Лицо Ставрогина, центрального героя «Бесов», не только напоминало маску, но, в сущности, оно и было маской. Загадочной и почти непреодолимой трудностью для инсценировки «Бесов» является это отсутствие живого Ставрогина, его личинность. Ставрогин есть герой этой трагедии, в нем ее узел, с ним связаны все ее нити, к нему устремлены все чаяния, надежды и верования, и в то же время его нет, страшно, зловеще, адски нет, нет вовсе не постольку, поскольку он не удался автору или исполнителю, но именно поскольку удался. Достоевский знал, чего хотел, точнее, знал это его мистический и художественный гений. Ставрогина нет, ибо им владеет дух небытия, и он сам знает о себе, что его нет, отсюда вся его мука, вся странность его поведения, эти неожиданности и эксцентричности, которыми он хочет как будто самого себя разубедить в своем небытии; а равно и та гибель, которую он неизбежно и неотвратимо приносит существам, с ним связанным.
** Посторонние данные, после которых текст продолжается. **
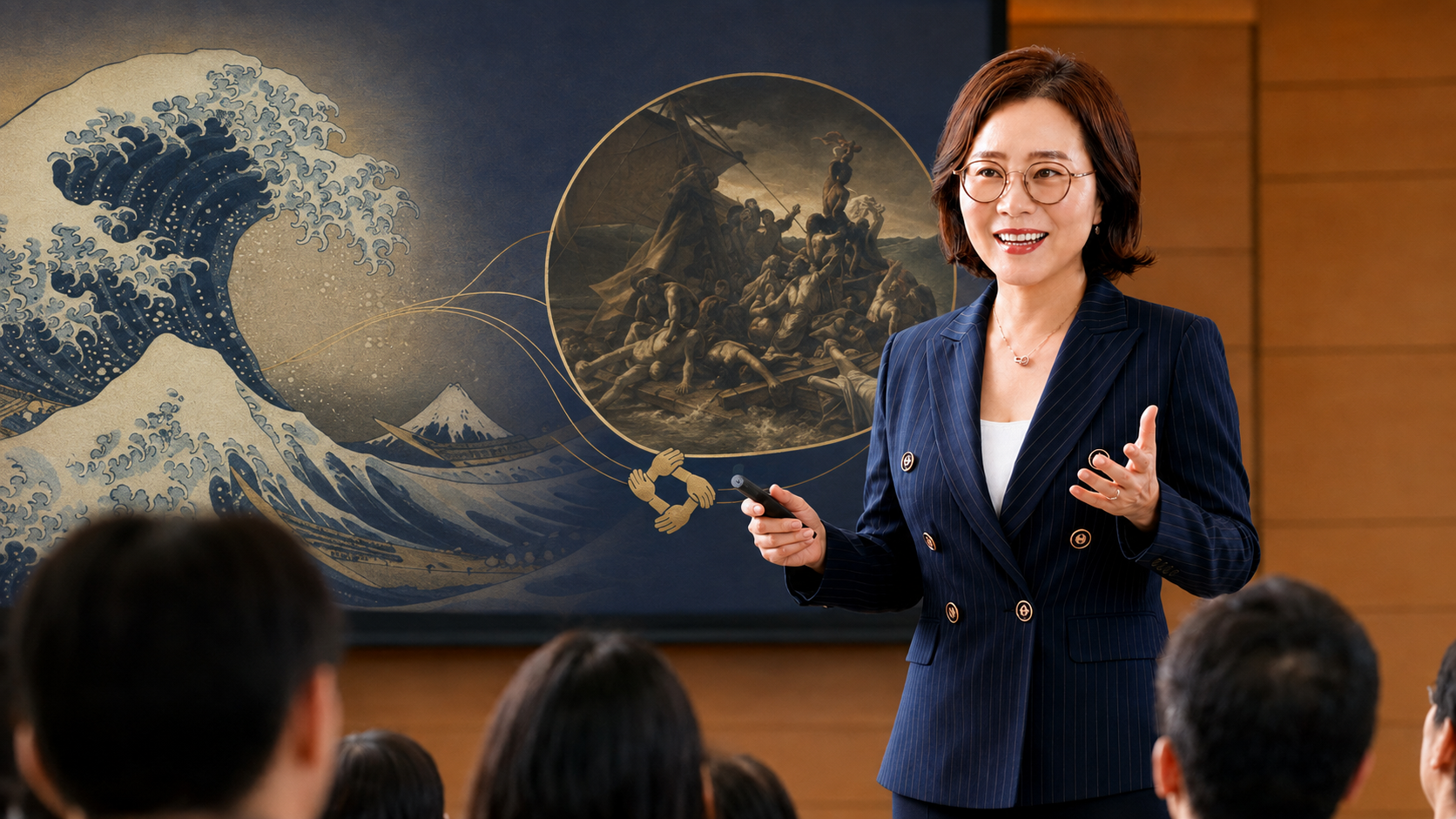김명순 대표가 재난 사례를 설명하는 재난 안전 인문학 교육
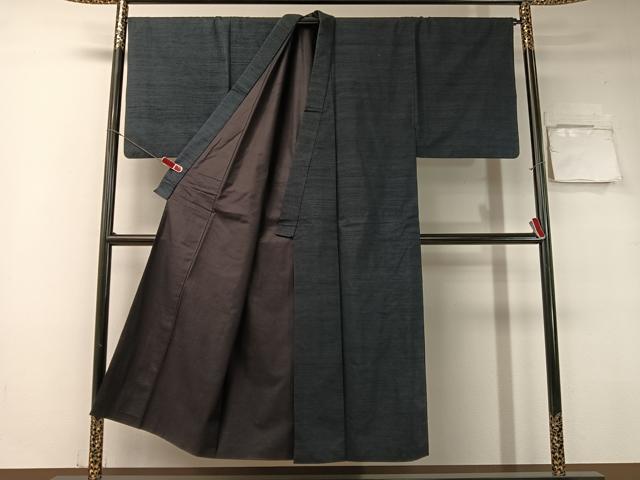 平和屋着物●男性　紬・ひげ紬羽織・長襦袢セット　濃藍色　正絹　逸品　CABB5070vp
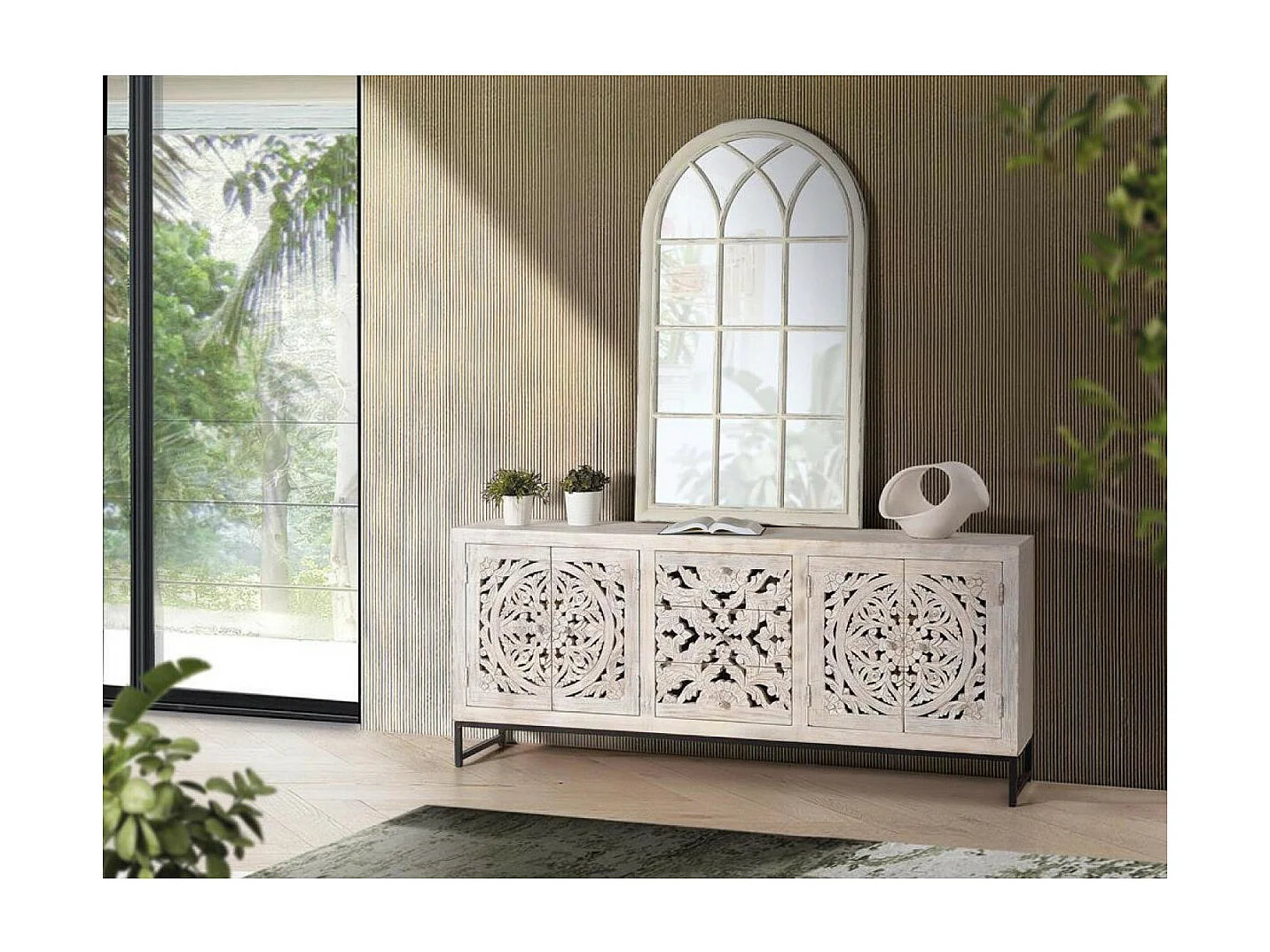 Aparador madera de mango y patas metal blanco envejecido Blanco.Giner y Colomer 81x38x190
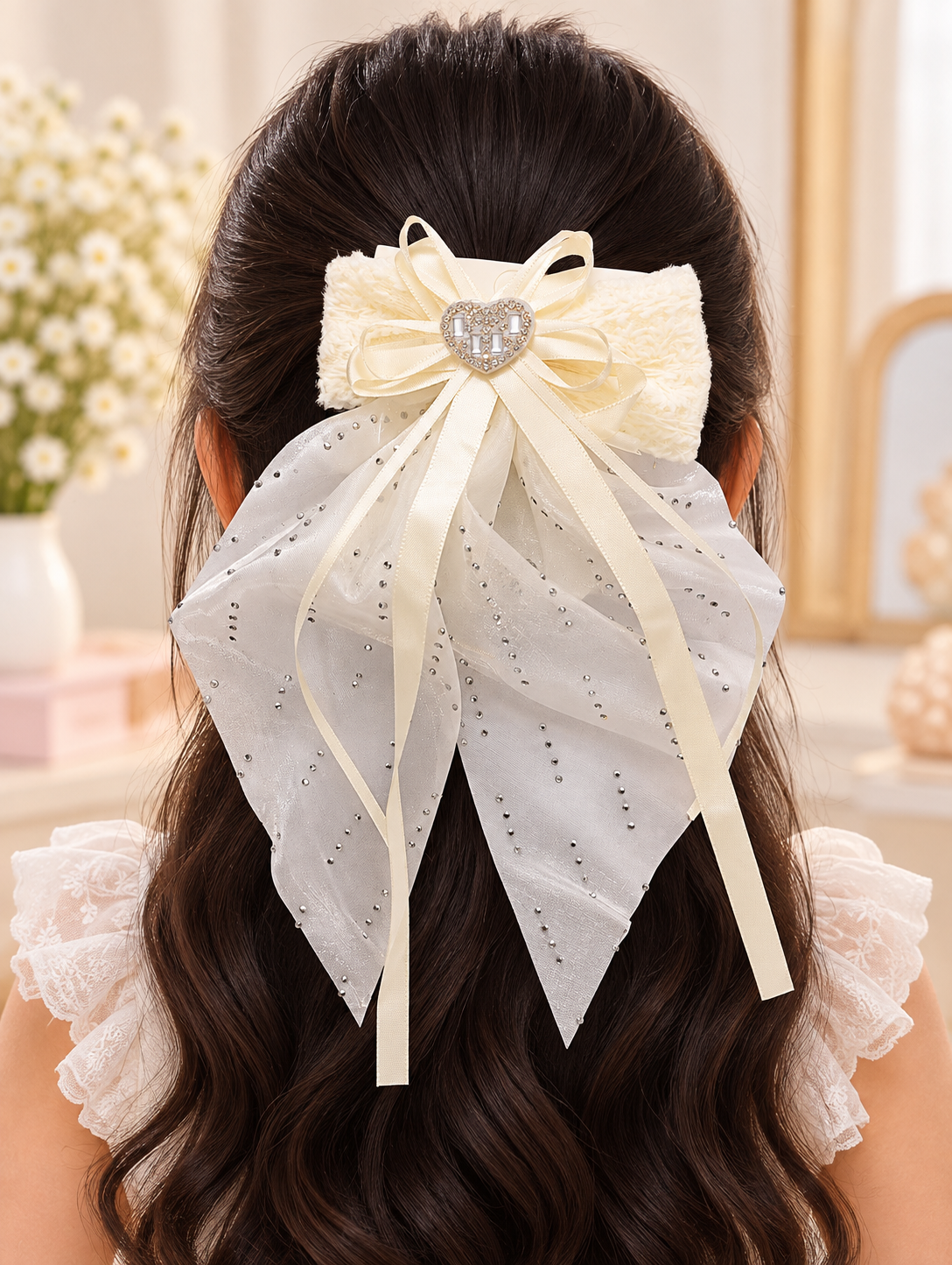 Shimmer Drape Bow Hair Clip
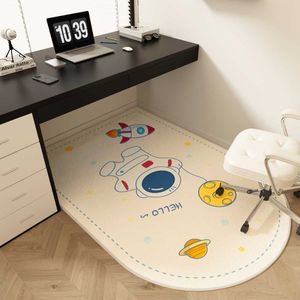 Carpetes Cartoon Cadeira de computador Crystal Velvet Floor Mat Childrens Desk de mesa Girão da sala de leitura da sala de leitura de desgaste H240517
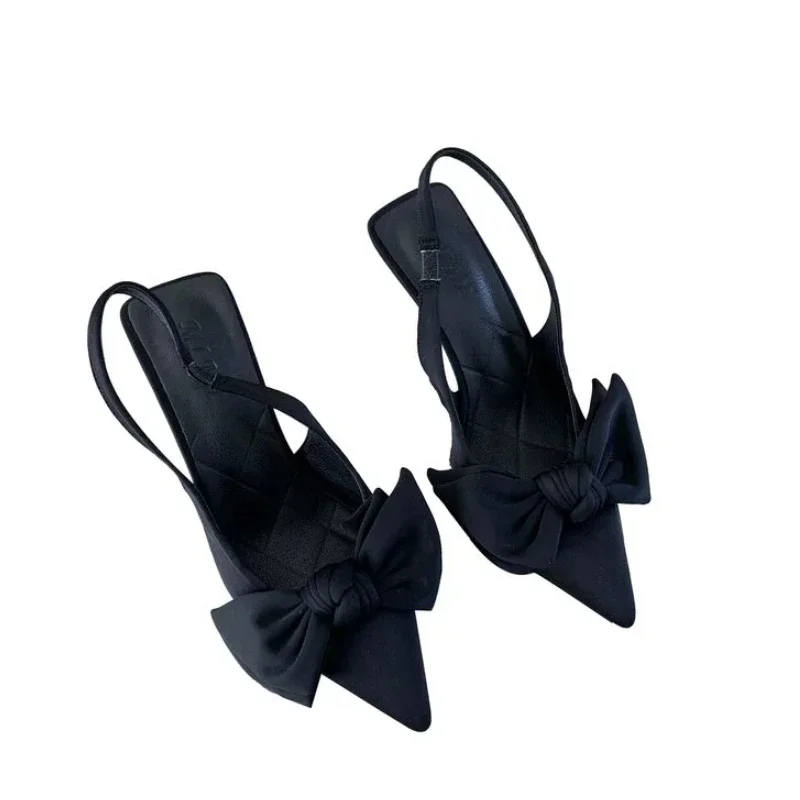 صندل فرنسي صيفي جديد لعام 2024 بكعب عالٍ بفيونكة صغيرة أحذية خرافية أحذية نسائية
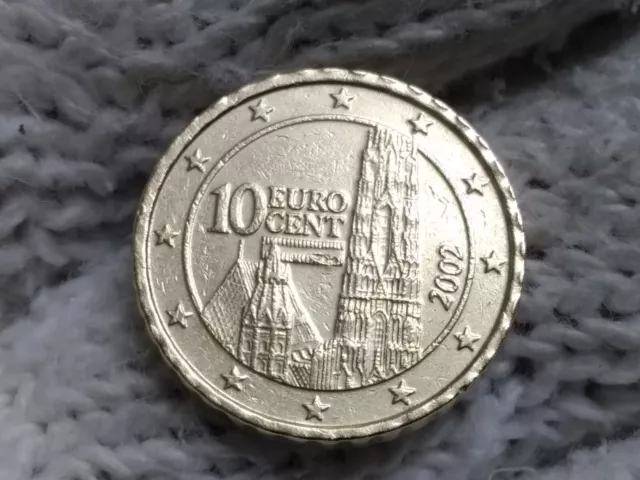 Moneta da 10 Cent 2002 Austria con Materiale in eccesso sul Bordo "Martellato"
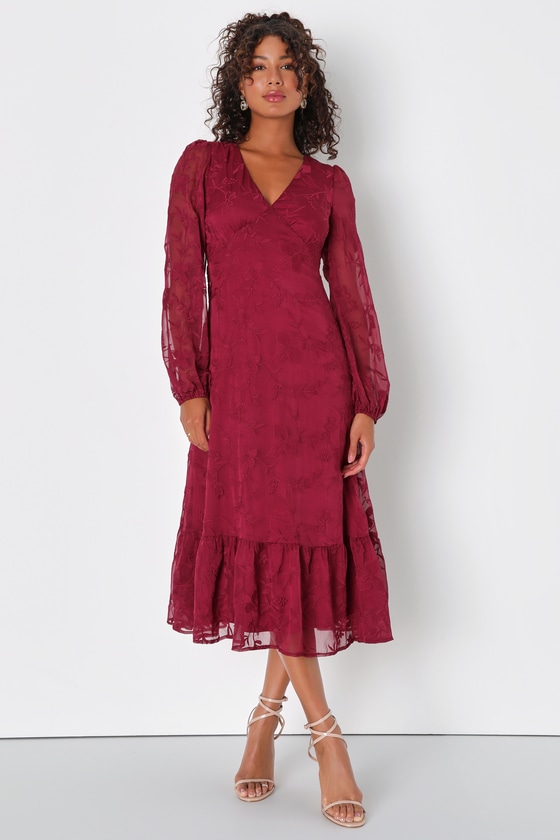 Maroon Chinon Embroidered Midi Dress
От него останется лишь психологический скелет—железная воля, темперамент, бесстрашие и даже авантюристическое искание опасности как острого впечатления, но дух его «связан» цепями и узами, и в нем живет «легион». Rак возможно такое изнасилование свободного человеческого духа, образа и подобия Божия, что такое эта одержимость, эта черная благодать бесноватости? Однако не соприкасается ли этот вопрос с другим вопросом, именно о том, как действует исцеляющая, спасающая, перерождающая, освобождающая благодать Божия, как возможно искупление и спасение? как возможно обожение? прощение грехов, которые становятся как бы не бывшими? Здесь мы подходим к самой глубокой тайне в отношениях между Богом и человеком; и сатана, который есть обезьяна Бога, плагиатор и вор, сеет и свою черную благодать, связывая, парализуя человеческую личность, которую освобождает только Христос. «И пришедши к Иисусу, нашли человека, из которого вышли бесы, сидящего у ног Иисуса, одетого и в здравом уме» (Лук, 8, 35). Mедиумичность, женственная рецептивность, паралич мужского начала Логоса отличают Ставрогина, как и большинство действующих лиц в «Бесах».